朝教室につくと、静かだった。ていうかみんな居なかった。何故だ、と思ったけど、今日の1時間目は体育だった気がする。証拠に男子の脱け殻(制服)が机の上にあった。

「んー、暇だし行こっかな」

女子更衣室で着替えて、授業をしているであろうグラウンドへ向かった。現在男子がサッカーをやっていて、女子はテニス。ぶっちゃけテニスとか面倒ってわけで、男子がやってるサッカーのところへ。
やる気のなさそうな隅っこにいた男子と変わってもらい、周囲を見渡す。お、真田と同じチームだ。

「真田、パース!」

「うむっ!って、宮下!?」

「シュートっ!」

真田からもらったパスをゴールに目掛けて蹴れば、なんと決まってしまった。
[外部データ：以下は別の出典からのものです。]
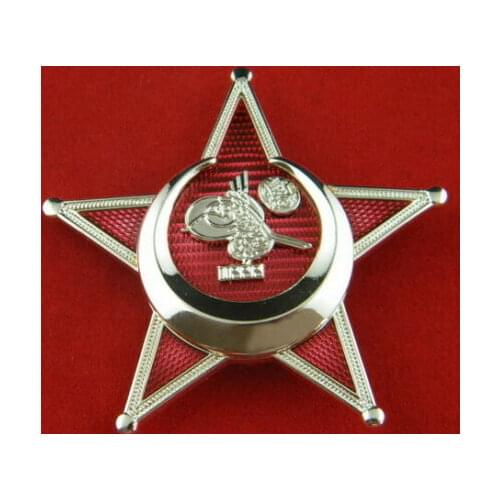 WW1 WWI Crescent Red Star Medal Iron Crescent 1st Class MEDAL BADGE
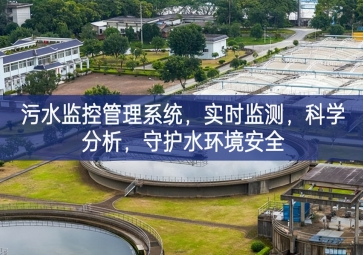 「智慧水利」污水監(jiān)控管理系統(tǒng)，實(shí)時(shí)監(jiān)測(cè)，科學(xué)分析，守護(hù)水環(huán)境安全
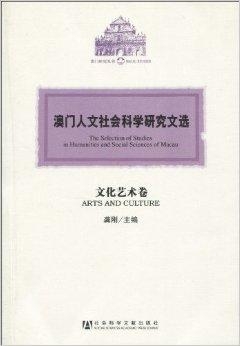 澳门雷神论坛资料,时代变革评估_AWY50.671艺术版
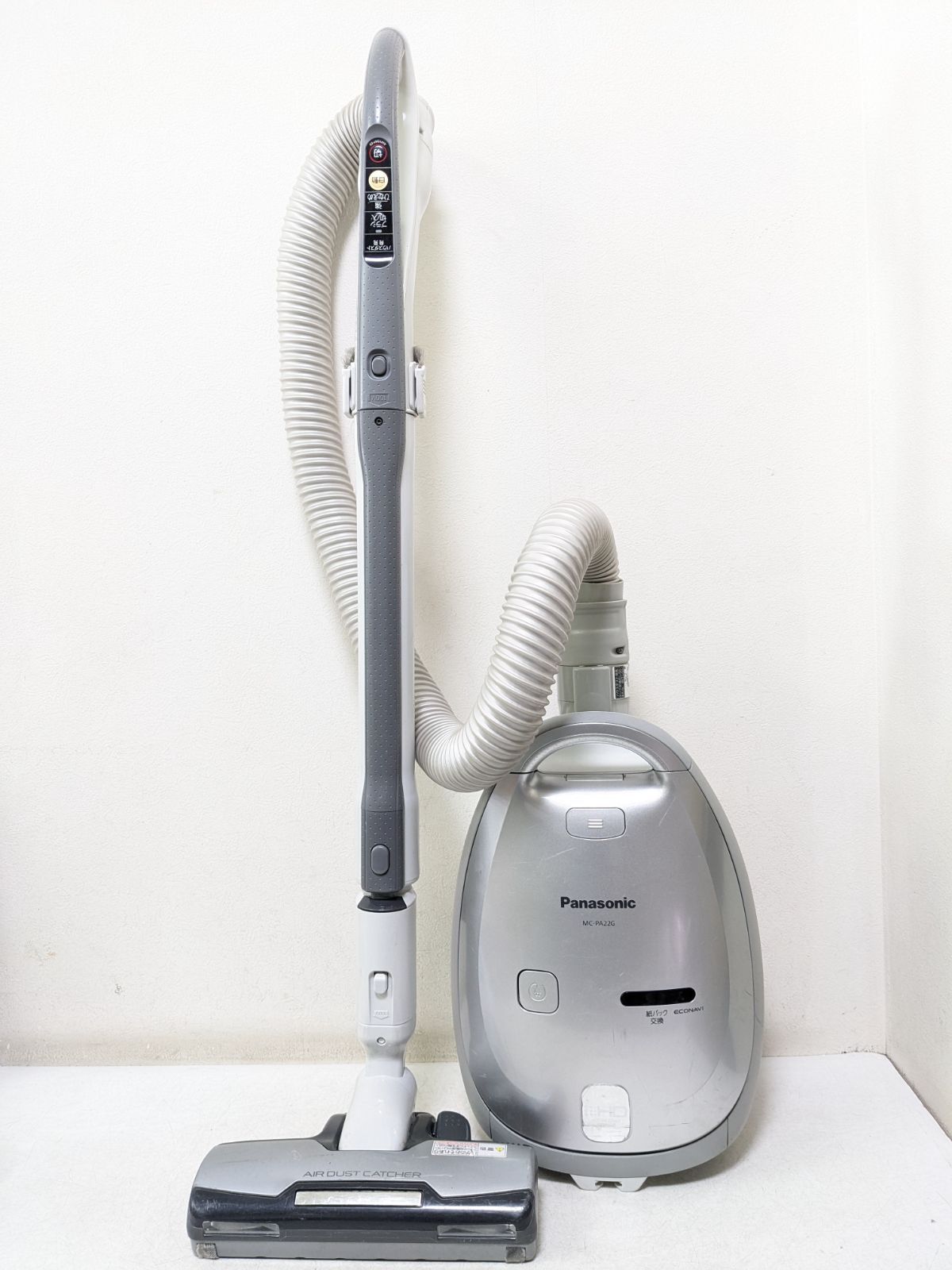 Panasonic MC-PA22G-S 紙パック式掃除機 2013年製 - メルカリ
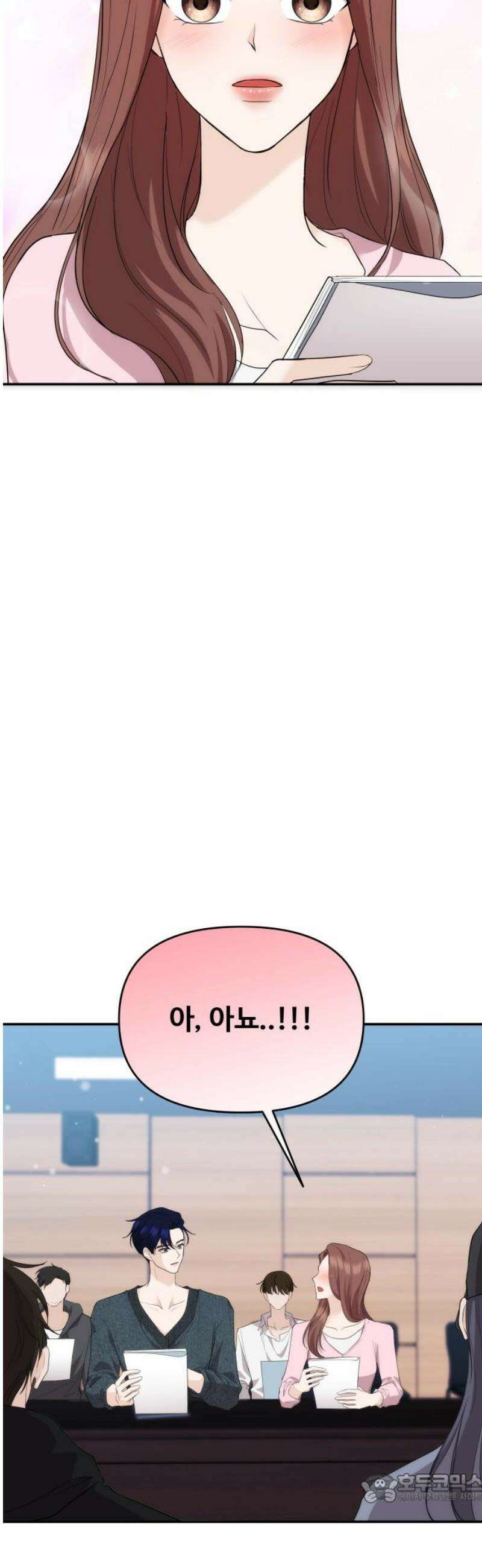 어느 날 갑자기 최애가 생겼다 34화． 조련 당해 본 사람 4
私ってばすごい。

「宮下さん!?なんでこっちに居るんですか!」

「あ、やぎゅおはよ!真田もおはよ!」

「おはようございます、じゃなくて!」

「そうだぞ宮下、女子はテニスだ」

「違います、私が言いたいのはですね、今登校してきたのですか」

「む?」

「うん、そだよー」

「なに!?たるんどるぞ!」

「やだな、ちゃんと来たんだから良いじゃん」

「そういう問題じゃありません!」

ガミガミと怒る二人を前に、それ以上なにも言えなかった。





「あれ、なぁ仁王」

「なんじゃ」

「アイツって昨日の奴じゃね?」

丸井の指す方を見れば、確かに昨日カフェで働いていた友里が、真田と柳生に怒られている。てか、何したんじゃ。

「あの二人の説教とか耐えられねぇ」

「そうじゃのぅ…あ、気づいた」

「におー!ブンちゃん!」

まだ説教が終わってなかったのか、こちらへ走ってくる友里の後ろで柳生が待ちたまえと叫んでいる。

「今日の体育って合同だったの?」

「なに言ってんだよぃ」

「体育はいつも合同じゃよ」

「……マジか」

地味にショックを受けてるような表情をした友里はその後すぐに真田と柳生に捕まり、説教をされていた。